Quantum mechanics' uncertainty principle
By Ryan Ng
Let’s imagine a hypothetical electron gun. A gun that shoots electrons, towards a wall. Because of quantum physics, it happens that the electron will shoot in a random direction; we cannot aim this electron gun perfectly.
We have a small detector on that wall all the way to the left. If the electron hits the detector, it will make a “click” sound. We’d like to determine what the probability is of the electron hitting the spot the detector is at. So we’ll shoot the gun many times, calculating the probability by taking the ratio between the total clicks heard and the total gunshots. We’ll move the detector slightly to the right, then repeat. The results will resemble a normal distribution centered at the middle of the wall.
Next, we’ll add another wall between the electron gun and the previous wall. This wall will have a small hole in it—so the electron must pass through the point the hole is at, then hit the wall. We’ll do the same thing, as above, finding the probability distribution. Then, we’ll move the hole on the in-between wall to a different location on the wall, and try again. We’ll get something like the following:
Feynman’s Lectures on Physics
We see the distributions P1 and P2, for the experiments we did with hole 1 and hole 2. These make sense. Then, we hypothesize that if we had both holes open, not just one at a time, we’d get the distribution in (c), which is simply both added together. In reality, however, with both holes open, the distribution looks like the following diagram, at (c):
Feynman’s Lectures on Physics
This doesn’t make any sense. To further investigate this, let’s put a light source right next to the wall:
Feynman’s Lectures on Physics
We’ll do the same as before, but having both holes open and counting separately when we see an electron pass through Hole 1 and Hole 2. Watching the experiment with light, we see that the electrons don’t split apart—they do pass through either hole. But now, our total distribution looks like, on the very right:
Feynman’s Lectures on Physics
So by adding light, we’ve lost our old erratic wave distribution entirely. When we remove the light, the old jagged distribution comes back. It turns out that the photons from the light interfere with the electron: when the photons hits the electron, the electron gets redirected. The electric field of the light acting on the electron will also influence its trajectory.
What if we dim our light source? Weaker light waves could possibly disturb the electron less. The result of this, is that sometimes, we don’t even see the electron pass by, even when we hear a click on the detector. This is because the photons are now sent less frequently; the electron would’ve passed through the hole when a photon wasn’t there.
There is one last way we could change the light source, by decreasing the light’s frequency.
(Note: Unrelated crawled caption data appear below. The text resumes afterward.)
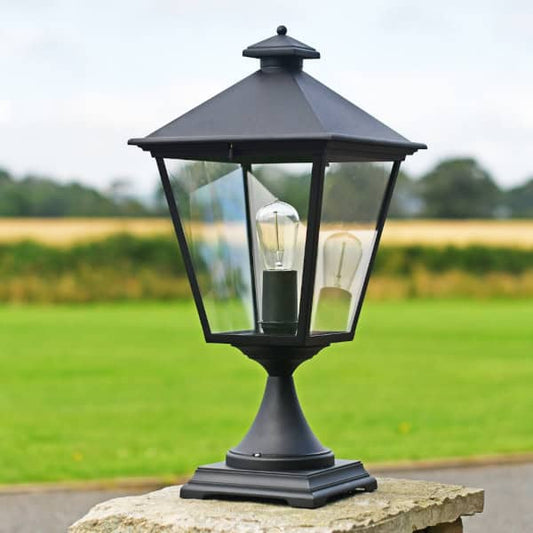 'Crichel' Victorian Entrance Pillar Light - thumbnail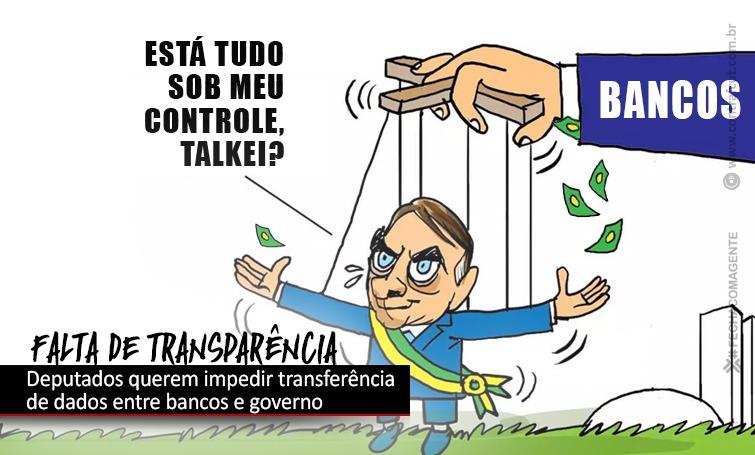 Projeto visa impedir acordo entre governo e bancos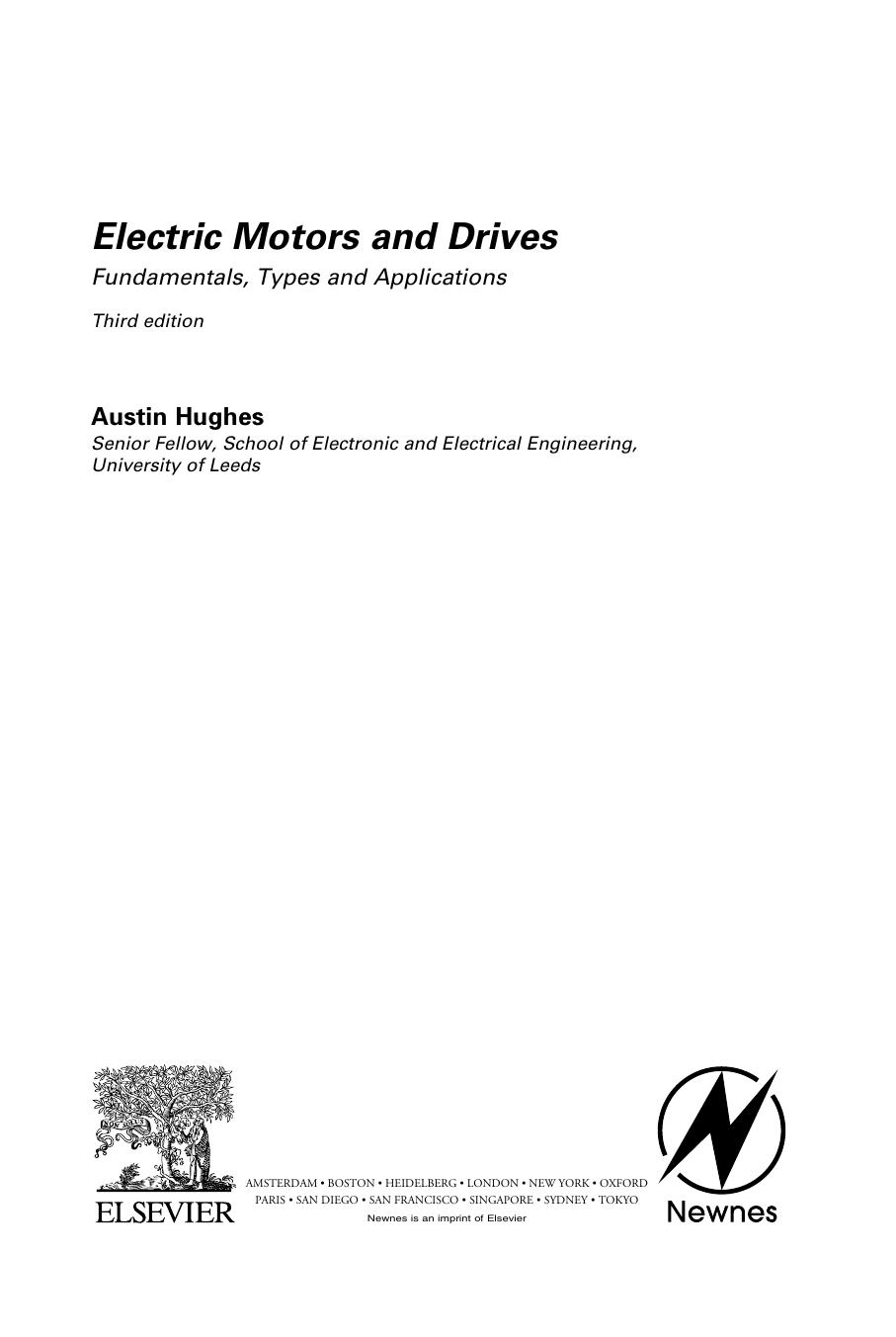 Hughes by Electric Motors & Drives Fundamentals Types & Applications-Newnes (2006)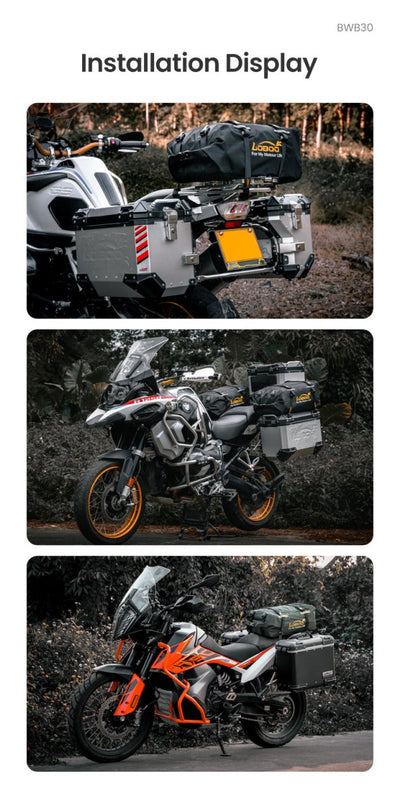 Faltbare und wasserdichte Tasche 30 l – Endurrad.com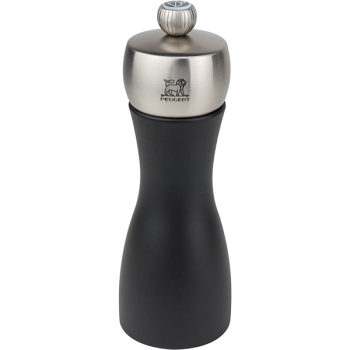 Мельница для соли метал.мех.; дерево,сталь нерж.; H=15см; черный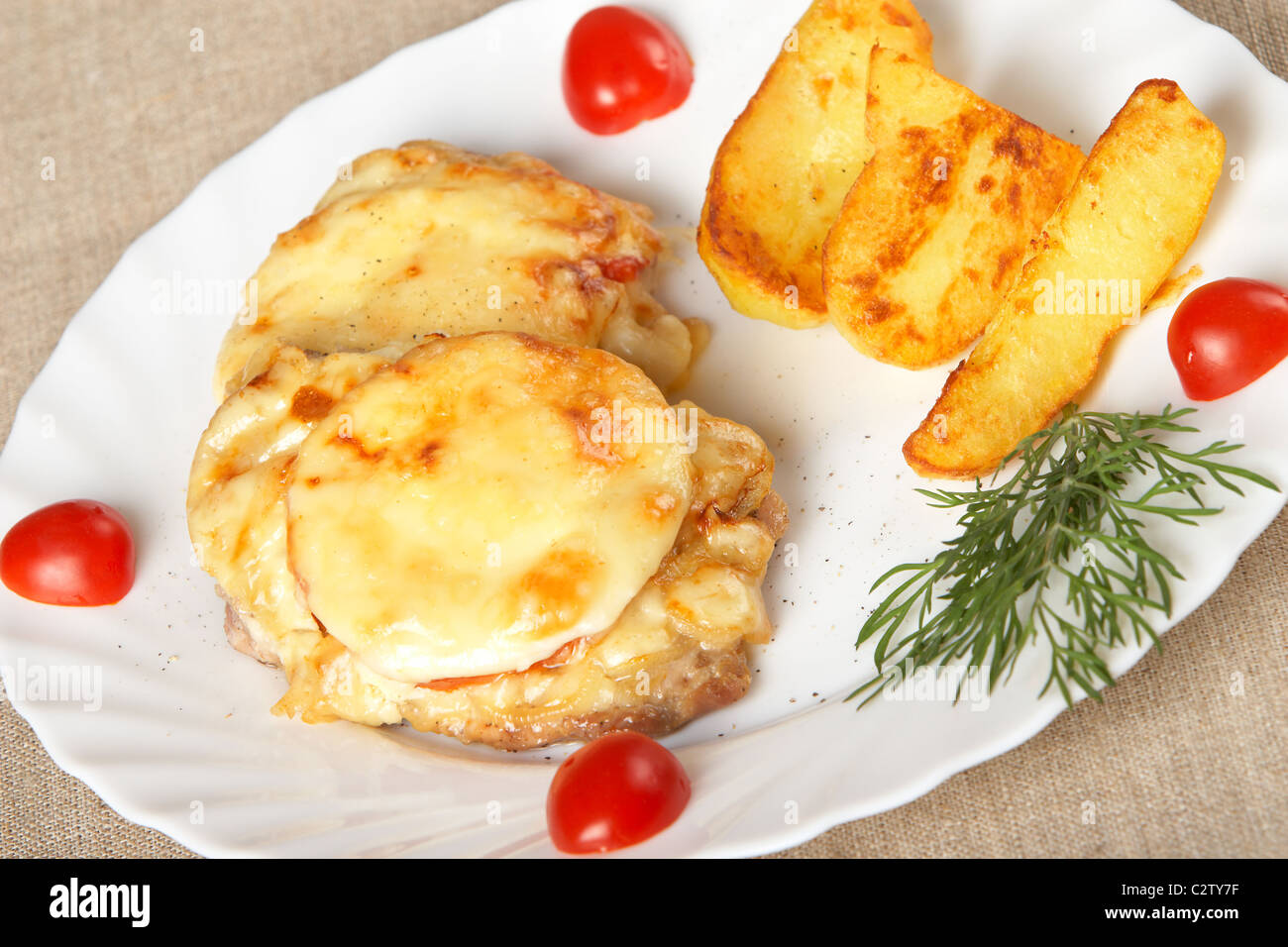 Meat in French Stock Photo Alamy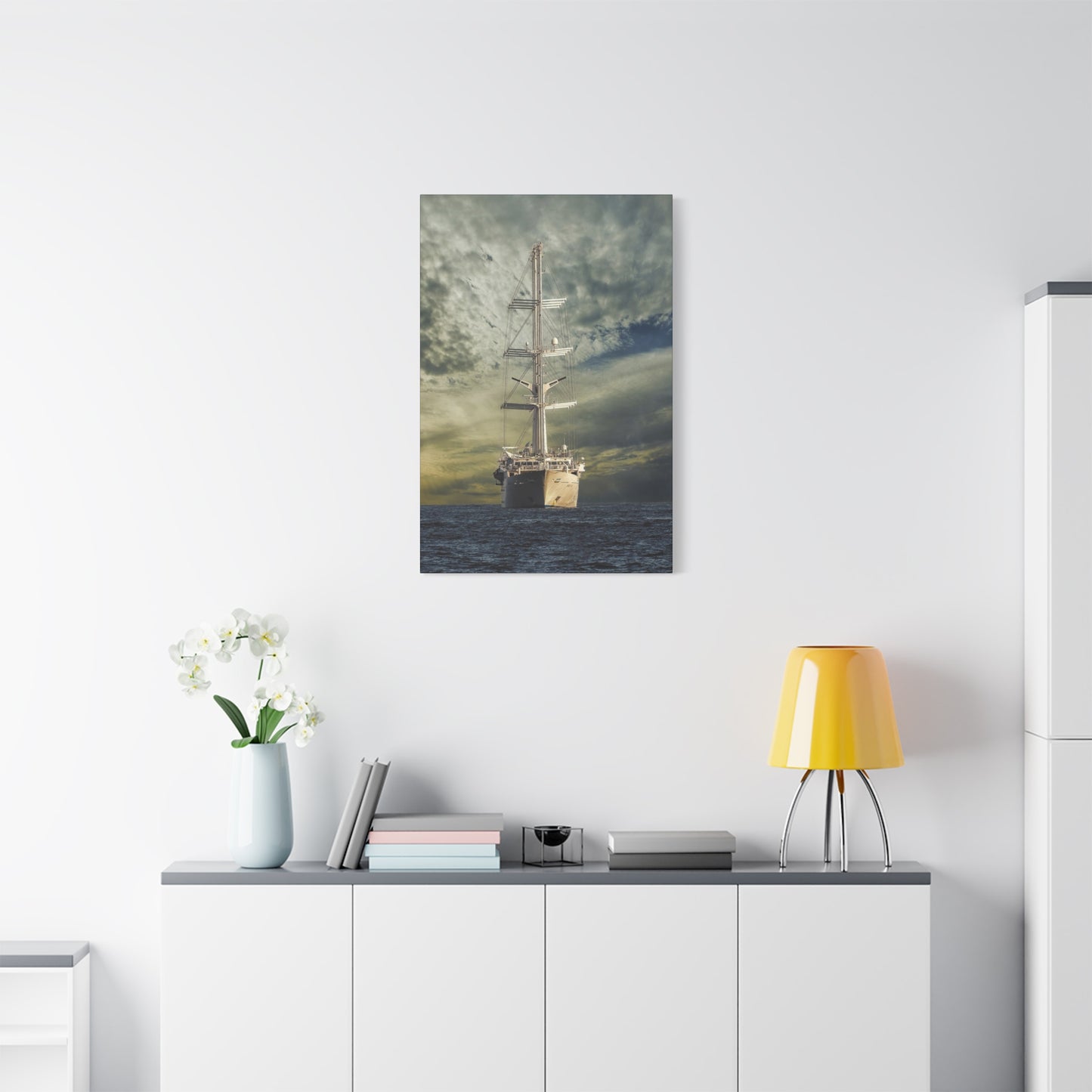 Ship Matte Canvas, Stretched, 1.25"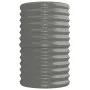 Gray powder coated steel flower bed planter 224x40x68 cm by vidaXL, Pots and planters - Ref: Foro24-318899, Price: 72,07 €, D...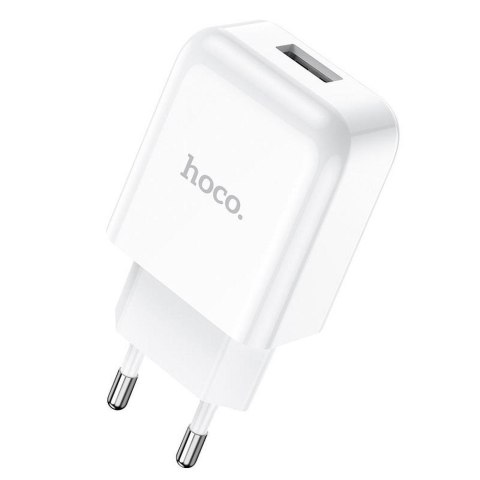 Ładowarka sieciowa do telefonu Hoco USB A 2A 10W + kabel USB A do USB C N2 biała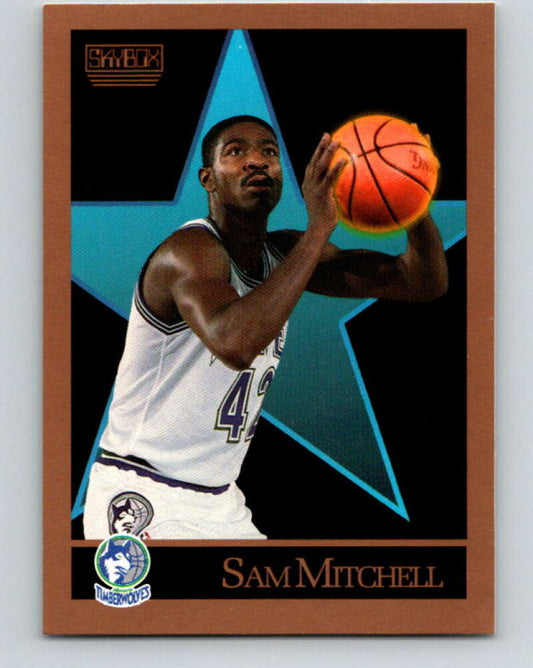 1990-91 SkyBox #171 Sam Mitchell Mint RC Rookie Minnesota Timberwolves  Image 1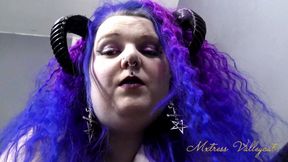 Giant succubus destroys village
The momentum of a photon is inversely proportional to its frequency, in p = hf; this essentially means we’re making the photons slower. However, this now causes the electron to be blurry as it passes through either hole.
This is because the photon’s wavelength is inversely proportional to its frequency: f = 1/λ, so p = h/λ. This means we’ve increased the wavelength of the light wave. A fundamental property of light is that, when we shine light on two objects next to each other, if the distance between them is less than the light’s wavelength, they are seen as being in the same place. In terms of our experiment, we see a big fuzzy flash that prevents us from determining which hole the electron went through. We cannot see the electron and get our strange pattern at the same time.
This is known as the uncertainty principle in quantum mechanics, discovered by Werner Heisenberg. When it is applied to our experiment, it says that we cannot tell which hole the particle went through, without interfering with the electron in a way that destroys the jagged wave pattern.
Though this is extremely counterintuitive, no one has thought of a way to get around this rule. This forms the basis of quantum mechanics.